Defining & Measuring Success - Trust & Safety Professional Association

As with every other team in a business, it’s important to develop and track metrics to gauge the impact of investigations and intelligence teams’ work. Failure to define and measure success would result in teams producing unclear outcomes and developing unfocused work processes that do not necessarily improve bottom-line user safety. Before designing team-level or operational metrics, investigations and intelligence teams should identify which guiding-star metrics they need to align to. These metrics can be based on wider business outcomes, or wider trust and safety outcomes. Some examples of guiding-star metrics may include:

Reductions in risk, or costs (financial, regulatory);
Volume or scale of regulatory or media escalations;
User sentiment scores, or user reporting aggregated feedback;
Feedback from user / safety advisory councils;
Violation rates for a platform’s Terms of Service or Community Guidelines.
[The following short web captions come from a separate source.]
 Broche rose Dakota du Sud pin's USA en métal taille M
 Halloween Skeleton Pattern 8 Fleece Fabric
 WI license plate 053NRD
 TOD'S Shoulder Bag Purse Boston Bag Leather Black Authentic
Although other teams within trust and safety can use numerical data points (such as the amount of takedowns on violating content or user reports handled) to measure an organization’s effectiveness in mitigating abuse, an investigations team’s level of success does not depend on how many actions have already been taken. Instead, an investigation’s team effectiveness depends on how well it can prepare an organization to handle known and unknown threats to its customers.

A successful investigative team must first have a solid investigation management strategy before it can start taking on investigation requests from internal and external parties. Many team leaders may jump straight to the following actions to establish strategy:

Select existing ops analysts (such as escalation specialists, content moderators, market specialists) to become investigations analysts;
Create intake channels to receive investigation requests from internal or external parties;
Set up alerts to make sure its analysts have enough leads to a potential threat to start conducting an investigation;
See how many investigation reports and enforcement-related metrics are taken before deciding whether additional staff, skills, and resources such as logging and monitoring vendors, systems, or tools are needed;
Identify and clarify if the investigation team will run long term/deep investigations, or act as incident responders for high value attacks.
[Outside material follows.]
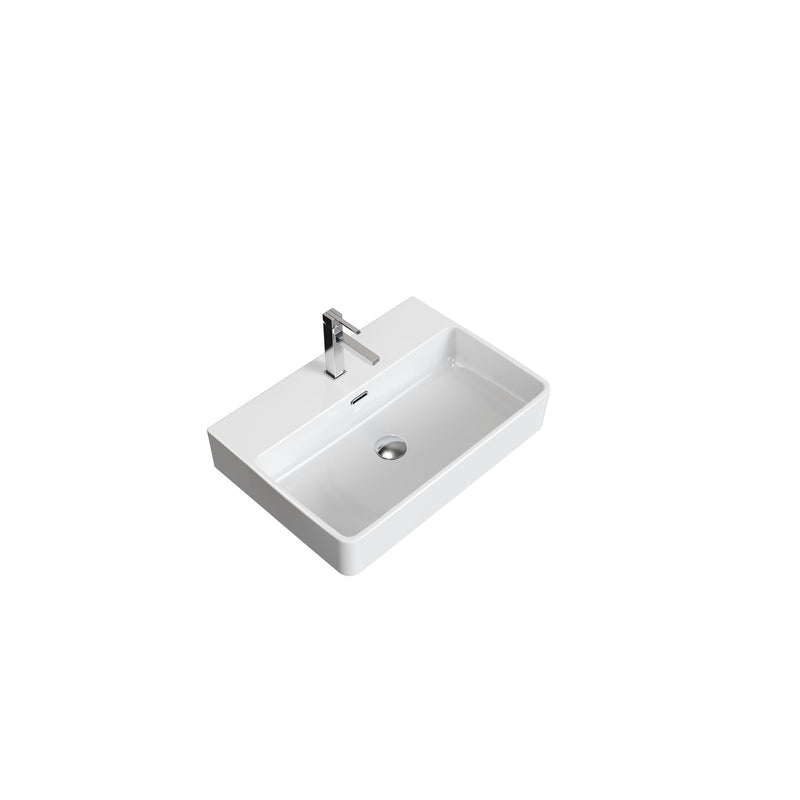 Scratch-Resistant Rectangle Vessel Sink, White, 23.6-in x 16.5-in P4804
However, an organization will benefit longer term from setting clear scope, objectives, and expectations before assigning analysts to start collecting and analyzing threats. This prevents an investigations team from declining due to employee burnout (which will be explained in more detail in the following section).

To determine whether quantitative, qualitative, or both types of metrics are useful for developing an investigation management strategy, an organization and its leaders need to answer the following questions:

What type of product or platform abuse exceeds what current ops teams, systems, processes, data, and infrastructure can capture?
How prepared is the organization currently to handle and mitigate this abuse in terms of access to data needed to investigate the abuse, or amount of personnel dedicated and needed to handle the abuse?
What are the negative consequences that an organization will face if they do not take any action?
How much time does an organization have before it starts facing the above-mentioned negative consequences?
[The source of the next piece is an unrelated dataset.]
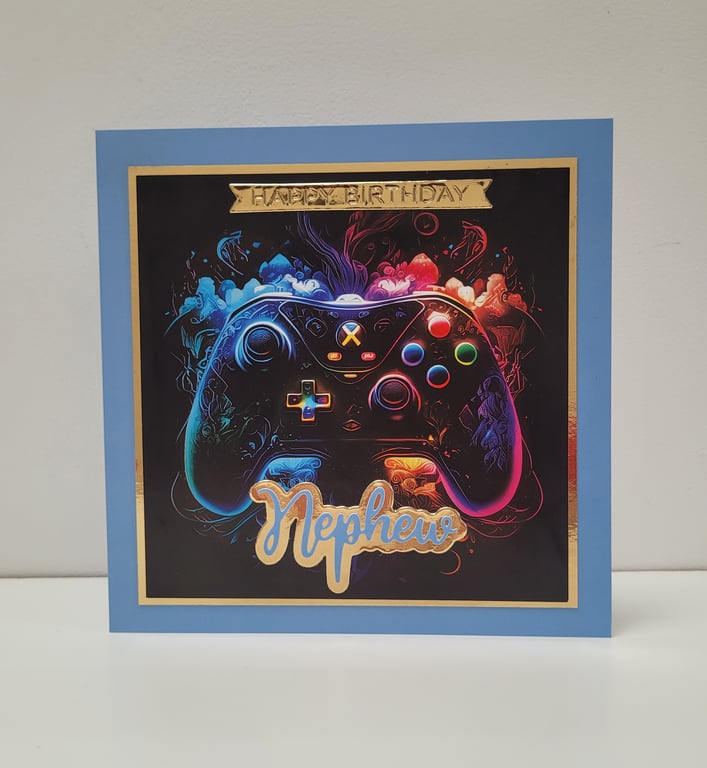 Nephew Birthday Card - Gamer Birthday Card, Teenage Boy Game Controller Card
Once an organization has answers to these questions, then it will have an easier time making staffing decisions for an investigative and intelligence gathering function within its Trust and Safety team.

An Example of Defining & Measuring Success

Below is an example of how a fictional company and its leadership may approach these questions.

An Example: Love at First Loaf

Love at First Loaf offers a service where users can upload a photo to its website for the company to print out bread loaves with the user’s uploaded image printed on each slice. The user can submit a mailing address for the recipient to receive their loaves, or gift its customized bread loaves by physical mail and shipping.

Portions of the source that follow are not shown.